F-box proteins are an expanding family of eukaryotic proteins characterized by an approximately 40 amino-acid motif, the F box (so named because cyclin F was one of the first proteins in which this motif was identified) [1], Some F-box proteins have been shown to be critical for the controlled degradation of cellular regulatory proteins [2,3]. In fact, F-box proteins are one of the four subunits of ubiquitin protein ligases called SCFs. The other three subunits are the Skp1 protein; one of the cullin proteins (Cul1 in metazoans and Cdc53 or Cul A in the yeast Saccharomyces cerevisiae); and the recently identified Rod protein (also called Rbx1 or Hrt1), SCF ligases bring ubiquitin conjugating enzymes (either Ubc3 or Ubc4) to substrates that are specifically recruited by the different F-box proteins. The need for high substrate specificity and the large number of known F box proteins in yeast and worms [2,4] suggest the existence of a large family of mammalian F-box proteins, Using Skp1 as a bait in a yeast two-hybrid screen and by searching DNA databases, we identified a family of 26 human F-box proteins, 25 of which were novel.
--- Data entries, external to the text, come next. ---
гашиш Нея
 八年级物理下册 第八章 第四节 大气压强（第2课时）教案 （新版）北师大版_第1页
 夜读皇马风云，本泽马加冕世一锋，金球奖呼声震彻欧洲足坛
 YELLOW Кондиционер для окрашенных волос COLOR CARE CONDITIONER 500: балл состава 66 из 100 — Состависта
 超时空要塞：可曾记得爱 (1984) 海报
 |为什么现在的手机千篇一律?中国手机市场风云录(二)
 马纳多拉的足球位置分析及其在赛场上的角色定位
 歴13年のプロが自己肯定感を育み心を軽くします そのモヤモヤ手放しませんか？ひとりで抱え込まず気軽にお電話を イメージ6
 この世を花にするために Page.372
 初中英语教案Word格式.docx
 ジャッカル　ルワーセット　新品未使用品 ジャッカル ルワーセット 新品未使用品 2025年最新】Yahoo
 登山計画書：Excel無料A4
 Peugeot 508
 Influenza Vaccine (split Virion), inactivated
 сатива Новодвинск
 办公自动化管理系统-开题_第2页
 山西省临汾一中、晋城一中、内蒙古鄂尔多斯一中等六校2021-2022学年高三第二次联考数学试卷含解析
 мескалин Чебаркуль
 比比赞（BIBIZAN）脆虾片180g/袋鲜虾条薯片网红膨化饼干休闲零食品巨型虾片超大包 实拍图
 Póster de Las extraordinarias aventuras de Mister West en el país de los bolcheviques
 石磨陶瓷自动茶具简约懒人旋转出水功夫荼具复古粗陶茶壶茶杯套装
Some of these proteins contained WD-40 domains or leucine-rich repeats; others contained either different protein-protein interaction modules or no recognizable motifs. We have named the F-box proteins that contain WD-40 domains Fbws, those containing leucine-rich repeats Fbls, and the remaining ones Fbxs, We have further characterized representative members of these three classes of F-box proteins.